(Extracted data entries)
* * * * * * * * *

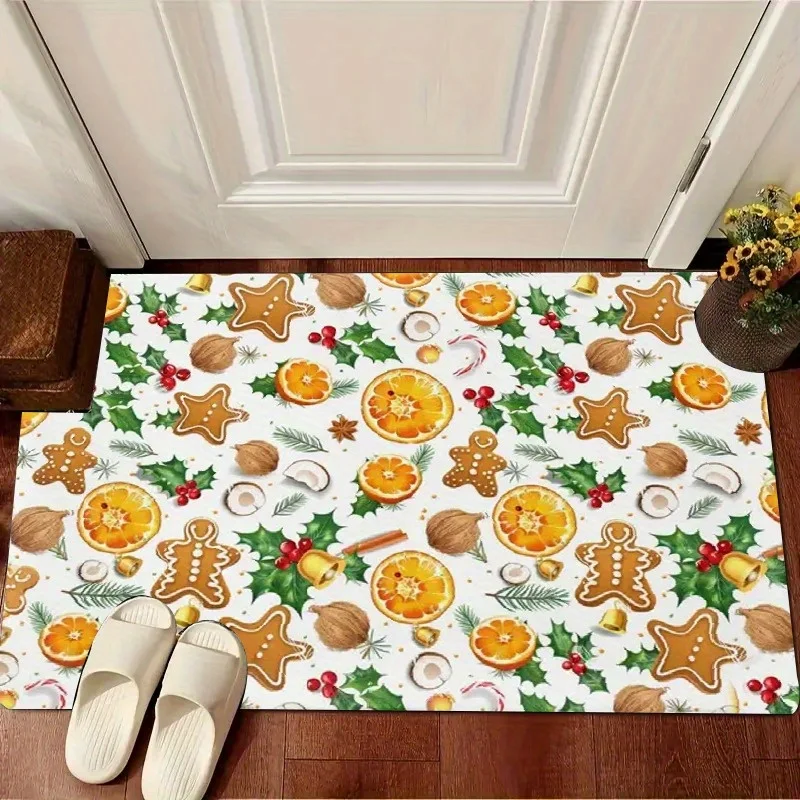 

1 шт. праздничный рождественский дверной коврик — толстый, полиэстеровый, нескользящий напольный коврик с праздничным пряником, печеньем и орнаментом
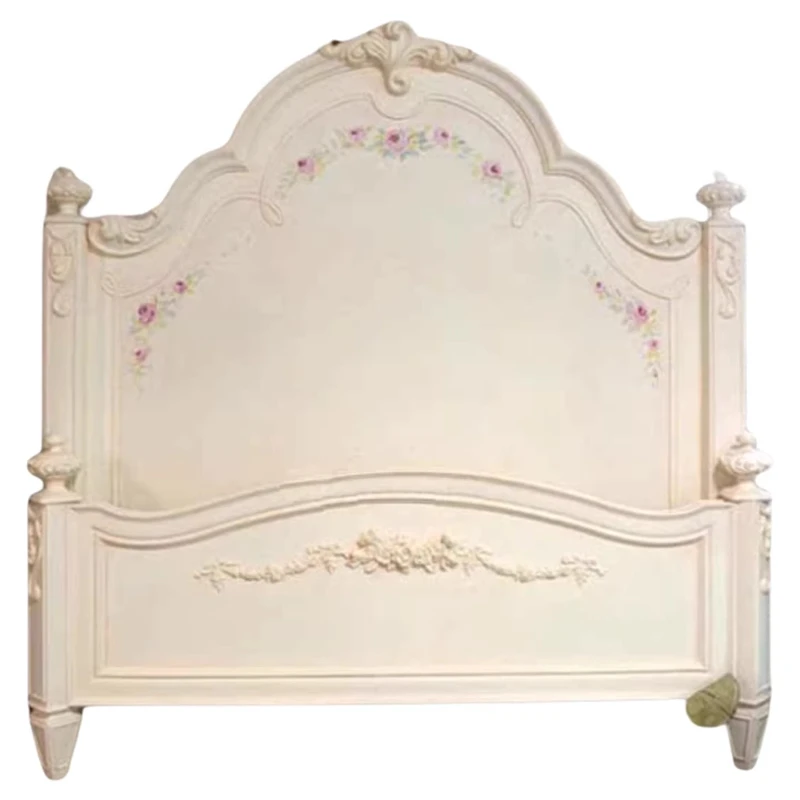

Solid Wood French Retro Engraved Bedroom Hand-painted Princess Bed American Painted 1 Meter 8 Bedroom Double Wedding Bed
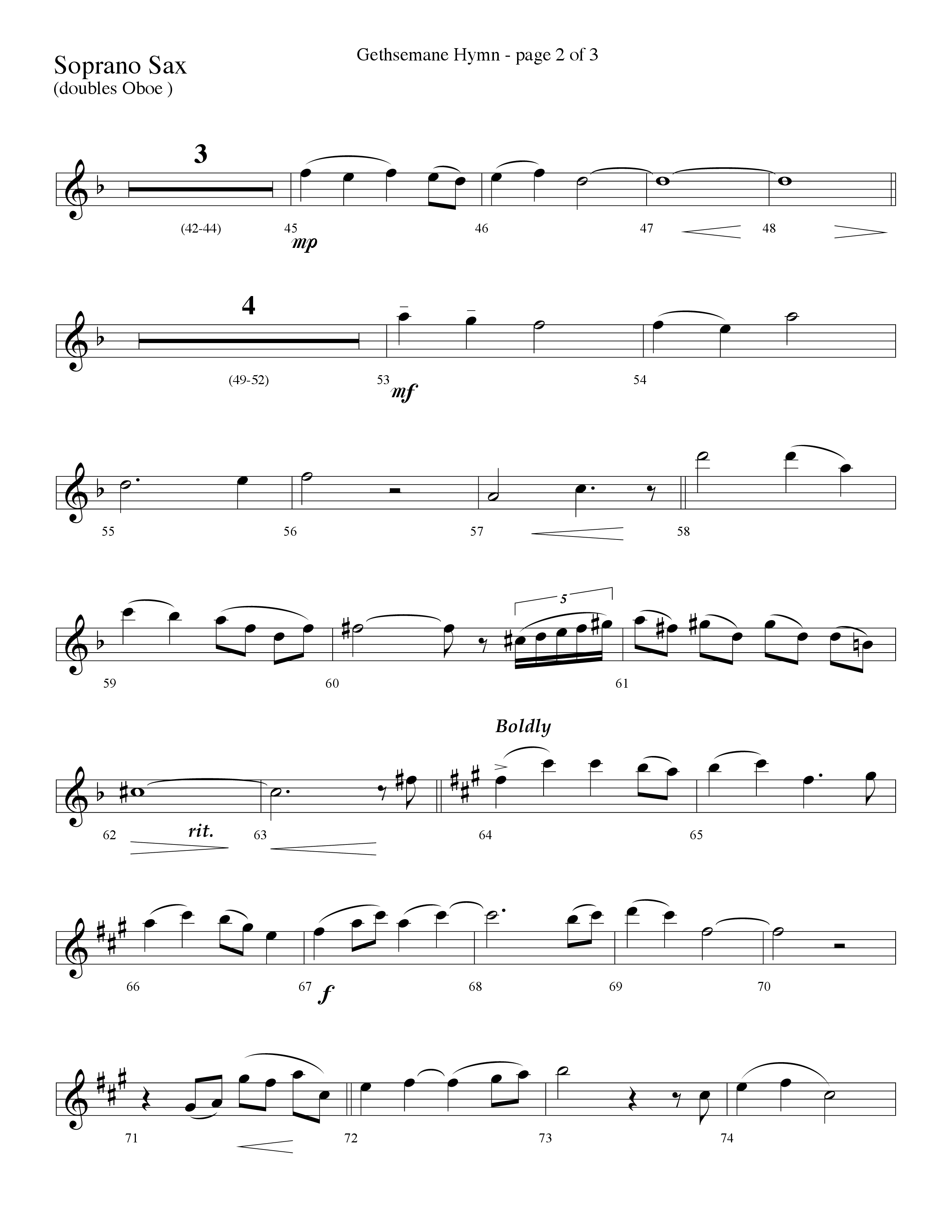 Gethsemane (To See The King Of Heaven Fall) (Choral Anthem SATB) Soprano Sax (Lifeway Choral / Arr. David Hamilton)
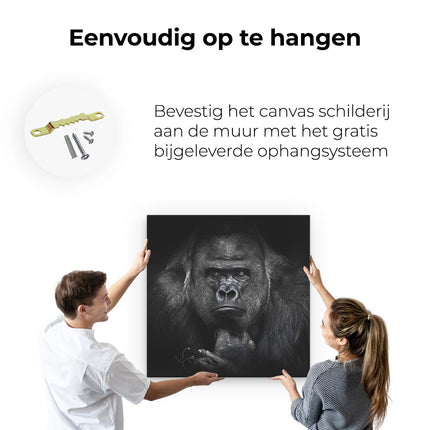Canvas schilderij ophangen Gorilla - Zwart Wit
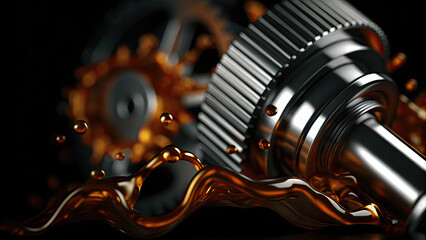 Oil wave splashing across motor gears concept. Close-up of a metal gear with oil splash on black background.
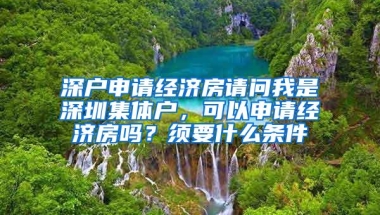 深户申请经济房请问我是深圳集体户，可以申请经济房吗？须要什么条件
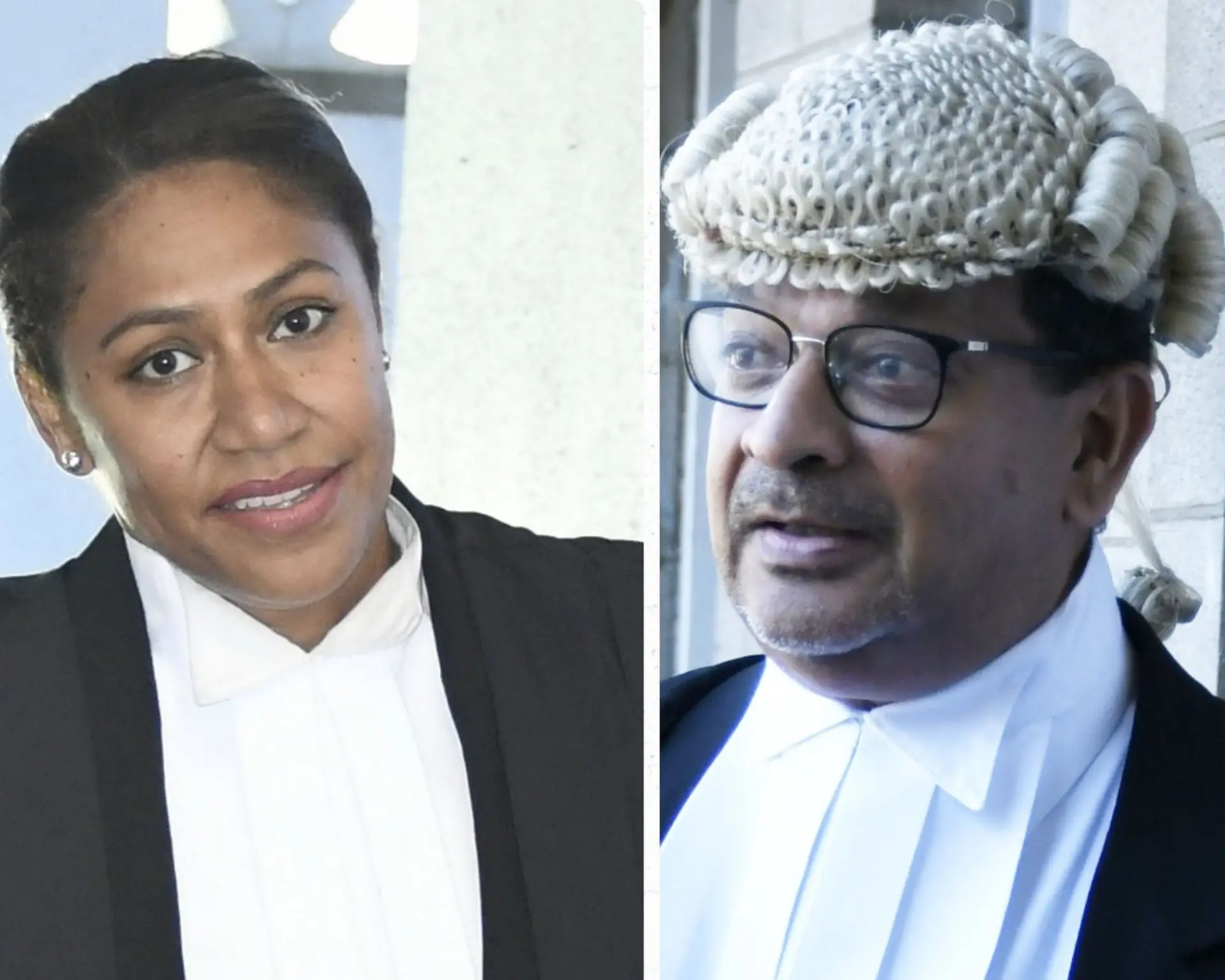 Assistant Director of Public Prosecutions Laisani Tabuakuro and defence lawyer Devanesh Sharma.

* * * * * * * * *

▶ [TASK]
The lines from the one holding "Oil wave splashing" to the final line of the entries are to be duplicated exactly, and the pictures are to be left out.

▶ [EXERCISE RESPONSE]
 Oil wave splashing across motor gears concept. Close-up of a metal gear with oil splash on black background.
 深户申请经济房请问我是深圳集体户，可以申请经济房吗？须要什么条件
 Assistant Director of Public Prosecutions Laisani Tabuakuro and defence lawyer Devanesh Sharma.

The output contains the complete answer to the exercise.